Trump and the Global Post-Universalist Shift
05.02.2025
By Valikhan Tuleshov
It seems increasingly evident to me that Donald Trump, by virtue of his background and temperament, emerged as a key initiator of the active phase of global deconstruction. This phase has primarily affected religious, ethical, and political-ideological dimensions, along with the value systems built upon them. More than a political disruption, Trump’s rise marked a deeper, structural unraveling of the global order. In many ways, he acted as a *catalyst* for a far-reaching reconfiguration of established global coordinates.
Trump’s ascent to power in 2016 can be viewed as a historical *bifurcation point*—a moment when several foundational pillars began to fragment:
- Religious Consensus: His administration amplified Christian fundamentalist rhetoric within the United States, undermining the globalist vision of interfaith tolerance and weakening the universality of liberal religious ethics.
- Ethical Standards: In public policy and discourse, conventional norms—decency, honesty, and principled leadership—gave way to a “post-ethical” ethos, where loyalty and efficiency were elevated above values.
- The Political-Ideological Core of Pax Americana: International alliances and liberal institutions, long considered the backbone of global stability, were increasingly portrayed as burdens rather than assets.

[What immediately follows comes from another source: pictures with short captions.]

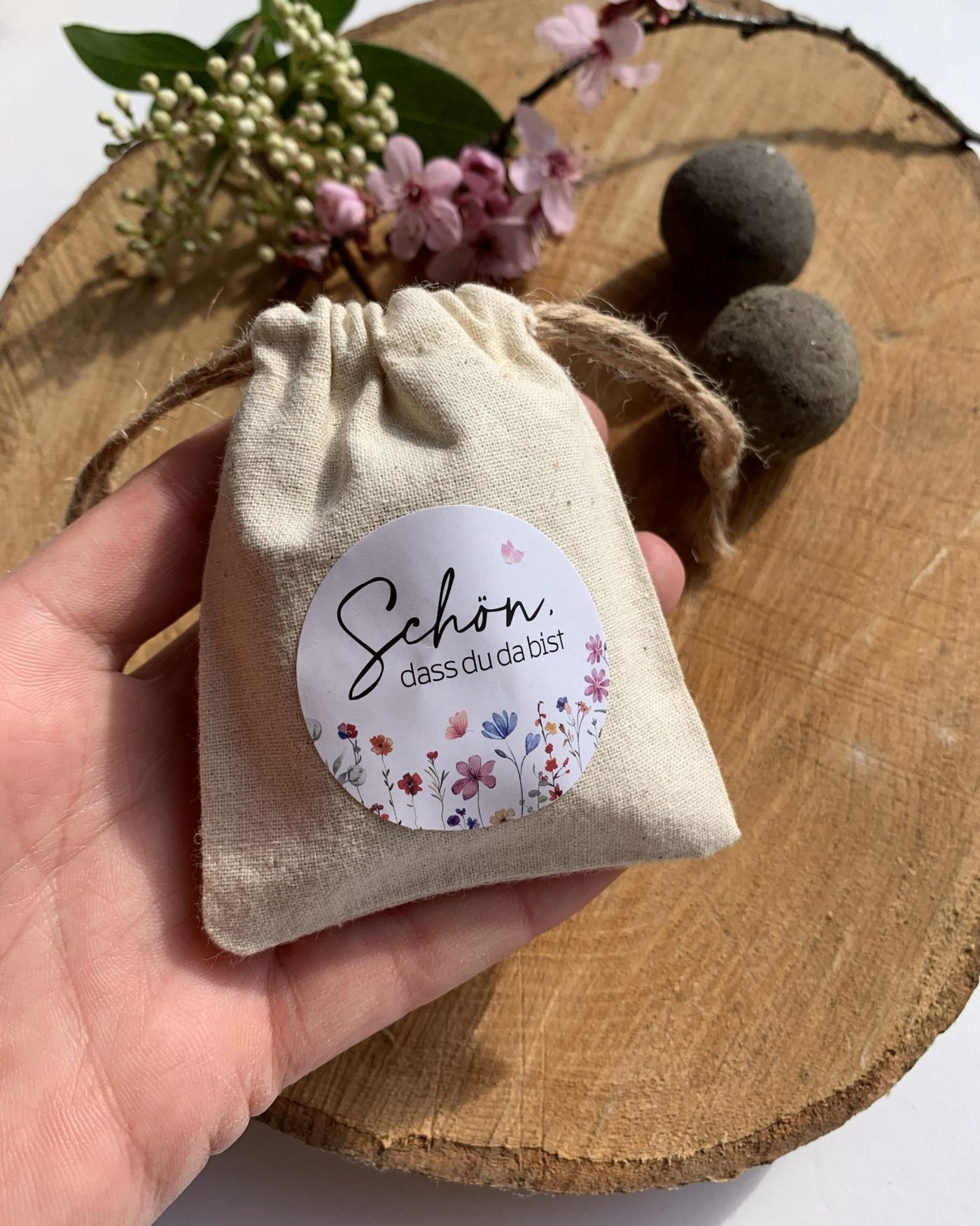 Gastgeschenk mit Aufkleber — Nature Roadshop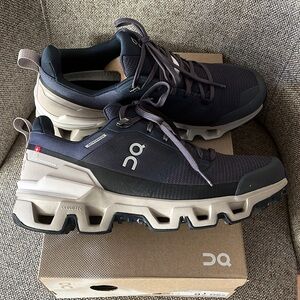 On Cloudwander Waterproof 9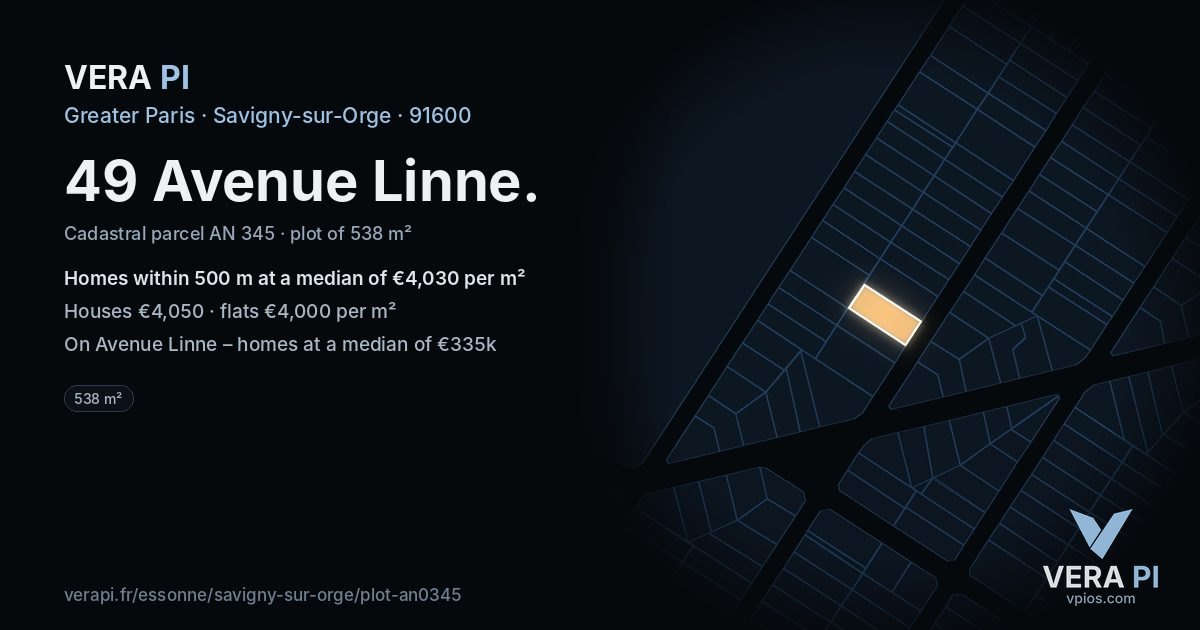 49 Avenue Linne, Savigny-sur-Orge at night – the plot lit, the parcels around coloured by the prices near them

In Trump, we witnessed a convergence of political neo-realism, populism, and digital affective politics, which enabled a direct and visible delegitimization of liberal universalism and the Western civilizational narrative. His presidency did not merely disturb the architecture of the liberal world order—it activated latent processes of civilizational self-definition that had long been suppressed under the weight of globalist assumptions.

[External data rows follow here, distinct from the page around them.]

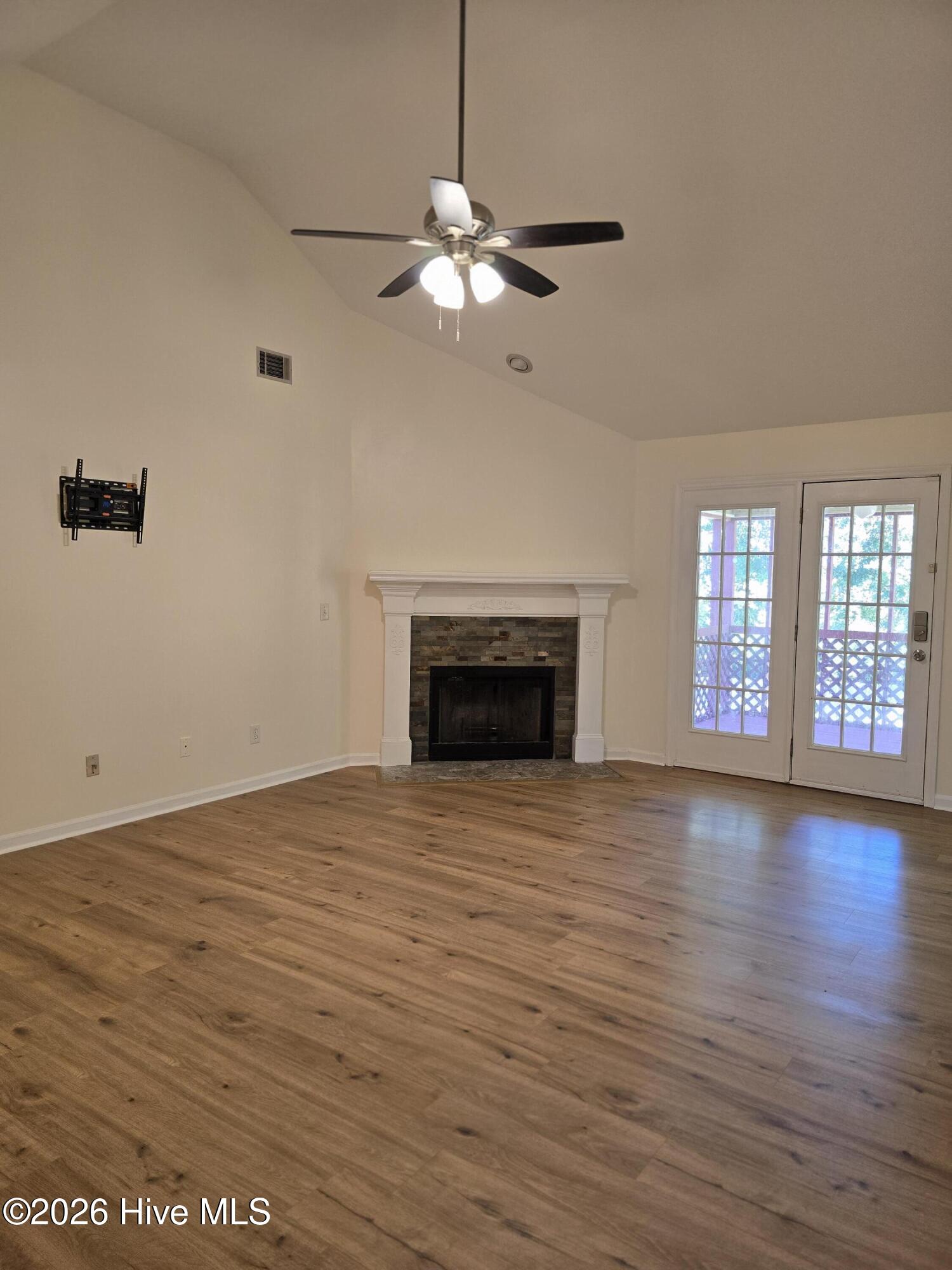 4536 Country Glen Circle Property Photo 7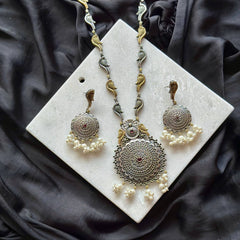 Dual-Tone Silver Necklace - Cherriscope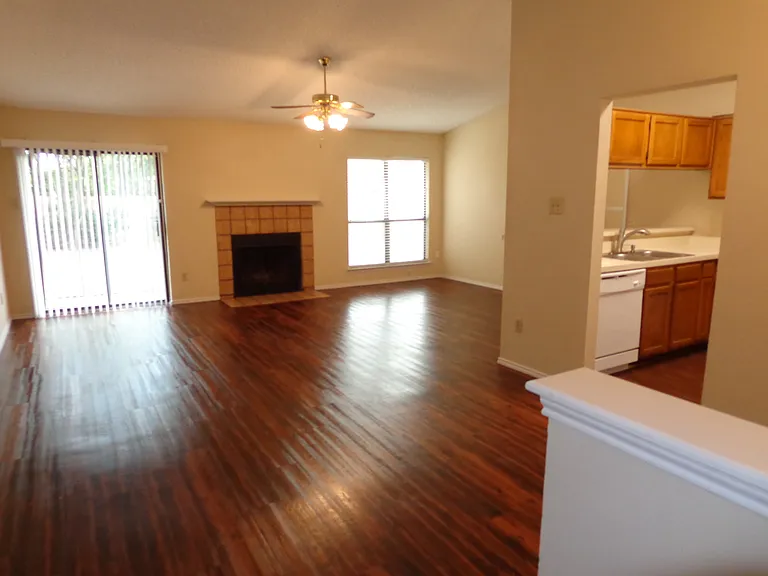 323 Iberis Dr — Photo 2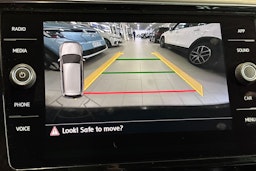 musta Volkswagen Passat 2018 kuva 23.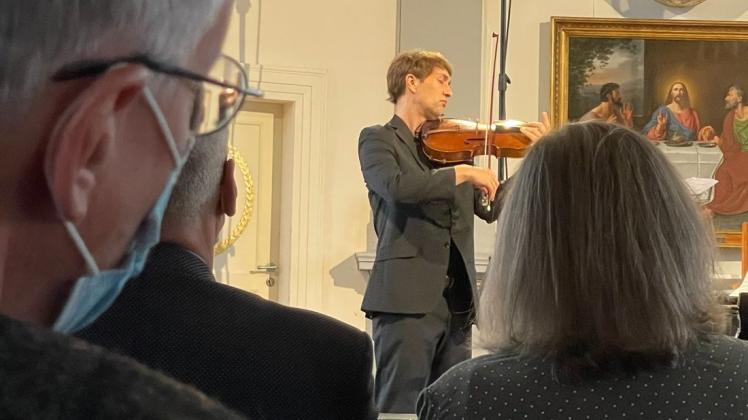 Trotz Maske und aufgelockerter Sitzordnung konnten die Besucher in der Marienkirche die Musik von Bratschist Nils Mönkemeyer und Pianist William Youn in einer besonderen Atmosphäre genießen.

What followed was a profound transformation in the global structure:
1. The End of Universalism:
By emphasizing the exceptionalism and greatness of America, Trump shattered the postmodern myth of a single, universal global order based on democracy, human rights, and free markets. In doing so, he opened space for the *normalization of difference*—the idea that civilizations could define their own paths without adhering to a dominant universal paradigm.
2. The Rise of Civilizational Multi-Vectorality:
- The West is gravitating back toward forms of "sovereign realism," as Europe balances uneasily between U.S. leadership and Eastern alternatives.
- The East—with China, India, and Türkiye—advances its own projects of historical subjectivity and geopolitical agency.
- The Global South—Africa and Latin America—has begun to step out of its passive role, asserting alternative values and development models.
- The Turkic world, or what may be called the Trans-Caspian or “Middle” Civilization, is increasingly acting as an inter-civilizational project in its own right.
3. The Emergence of Geo-Ontology:
A new philosophical structure is forming—what I call *Geo-ontology*. In this paradigm, the world is not merely a geopolitical battleground, but a mosaic of civilizational projects, each of which defines itself through its own ontological narratives: its conceptions of humanity, the state, time, and the future.
4. From Unipolarity to Poly-Civilizationality:
The world is no longer unipolar or merely multipolar. We are entering an age of poly-civilizationality—a plurality of autonomous civilizational projects that compete not necessarily through military or economic confrontation, but through their distinct developmental logics and philosophical visions.
In essence, Donald Trump’s presidency marked the beginning of a post-universalist turn in global history. The liberal-hegemonic world order is giving way to a decentralized, networked architecture of civilizational self-determination. The implications of this transformation are profound—and in upcoming writings, I will explore these emerging civilizational trajectories in greater detail.